L'entreprise face à la multiplication des chocs
« Depuis quatre ou cinq ans, on est particulièrement bien servis en matière de risques », sourit Carole Gauthier Longeard. « Risques sanitaires, géopolitiques, de change, d'inflation... et bien sûr, financiers. » La DAF évoque la fermeture brutale du marché russe, le conflit au Moyen-Orient qui impacte les ventes dans la région, mais aussi l'inflation logistique et le retournement de certains marchés : autant de signaux faibles et forts à gérer de front. « Quand nous avons dû arrêter nos opérations en Russie, nous nous sommes retrouvés avec une montagne de stocks. On a décidé de transformer cette contrainte en opportunité : réalimenter nos boutiques, renforcer notre site e-commerce, et cela a réellement boosté nos ventes. »
Alexis de Galembert, à la tête d'une entreprise de taille bien plus modeste (7 M€ de chiffre d'affaires), partage ce même sentiment d'accélération des aléas : « Depuis les Gilets jaunes, j'ai l'impression qu'on traverse une crise par an. On s'adapte, on se renforce, mais on est toujours sous tension. » À l'international, sa PME fait face aux défis logistiques, réglementaires et financiers d'un marché aussi exigeant que celui des États-Unis.
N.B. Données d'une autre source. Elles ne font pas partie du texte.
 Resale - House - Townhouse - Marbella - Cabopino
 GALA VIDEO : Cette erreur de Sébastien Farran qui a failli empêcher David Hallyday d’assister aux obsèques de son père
Et pourtant, c'est là qu'il choisit de concentrer ses efforts : « On a signé un gros contrat de distribution qui représente déjà 20 % de notre chiffre d'affaires. Il fallait y aller. »
Trésorerie et réactivité
Face à l'incertitude, le nerf de la guerre reste la trésorerie. « C'est le coeur du réacteur, insiste Alexis de Galembert. Une entreprise peut mourir non pas par manque de rentabilité, mais par défaut de cash. » Avec des délais de paiement parfois très longs, notamment outre-Atlantique, le pilotage fin du besoin en fonds de roulement devient stratégique. « Sur le papier, nos clients américains ont 30 jours pour nous payer à partir du moment où la marchandise quitte le Havre. Dans les faits, ils attendent de la réceptionner et de la contrôler avant de déclencher le paiement. Sans une gestion rigoureuse, c'est ingérable. »
Même exigence chez Bonpoint, où la croissance asiatique s'accompagne d'une gestion prudente du financement : « Le cash est notre meilleur indicateur d'alerte. C'est lui qui nous dit si l'entreprise est capable de faire face aux à-coups. » La DAF rappelle qu'un bon outil de suivi de trésorerie peut éviter de « se prendre un mur en pleine ligne droite ».
Pour Serge Trigano, l'intuition reste une composante essentielle de la prise de décision. « La data vous parle du passé. Ce qui compte, c'est ce qui va se passer demain. » Celui qui a lancé Mama Shelter avec peu de soutien, à une époque où aucun investisseur ne voulait y croire, insiste sur la nécessité d'avoir « un peu d'audace et beaucoup d'énergie ». Mais l'intuition ne suffit pas : « Il faut aussi pouvoir convaincre les financiers. Il y en a toujours un, quelque part, qui finit par dire oui. »
Chez Casa Barbara, la gouvernance du risque passe aussi par le duo père-fils. « Mon fils est mille fois plus prudent que moi. On avance en se complétant. » Une approche familiale du risque, basée autant sur l'expérience que sur le dialogue constant.
Et le business plan dans tout ça ? « Je n'y crois pas du tout à long terme », tranche Alexis de Galembert. « Je suis incapable de vous dire si mes madeleines ou mes sablés se vendront mieux dans deux ans. Ce que je sais, c'est combien coûte une hausse du cours du beurre. » Un pragmatisme partagé par Serge Trigano : « Les fonds ont besoin de business plans pour respirer. Mais si on les maltraite trop, tout le modèle s'écroule. »
Carole Gauthier Longeard nuance : « Le business plan donne une trajectoire. Ce n'est pas une vérité absolue, mais c'est utile pour cadrer les investissements et sécuriser les financements. »
Quels conseils transmettre à un DAF ?
Invités à livrer leur réflexe-clé pour aider un DAF à mieux anticiper les risques, les trois intervenants convergent sur la posture.
« Être curieux, être sur le terrain, ne pas se contenter des tableaux Excel, résume Carole Gauthier Longeard. Un DAF doit s'imprégner de la réalité pour évaluer correctement les risques. » Alexis de Galembert insiste sur la rigueur : « Bien gérer sa trésorerie, c'est la base. Sans cash, même une boîte en croissance peut mourir. »
Et Serge Trigano, fidèle à lui-même, conclut avec humour : « Dans la finance, j'aime tout le monde... sauf les auditeurs. » Un mot de la fin à l'image de la table ronde : décalé, mais percutant. Entre prise de recul, retour d'expérience et visions complémentaires, les échanges auront surtout rappelé que derrière chaque risque maîtrisé, il y a des convictions, une gouvernance agile... et une bonne dose d'humanité.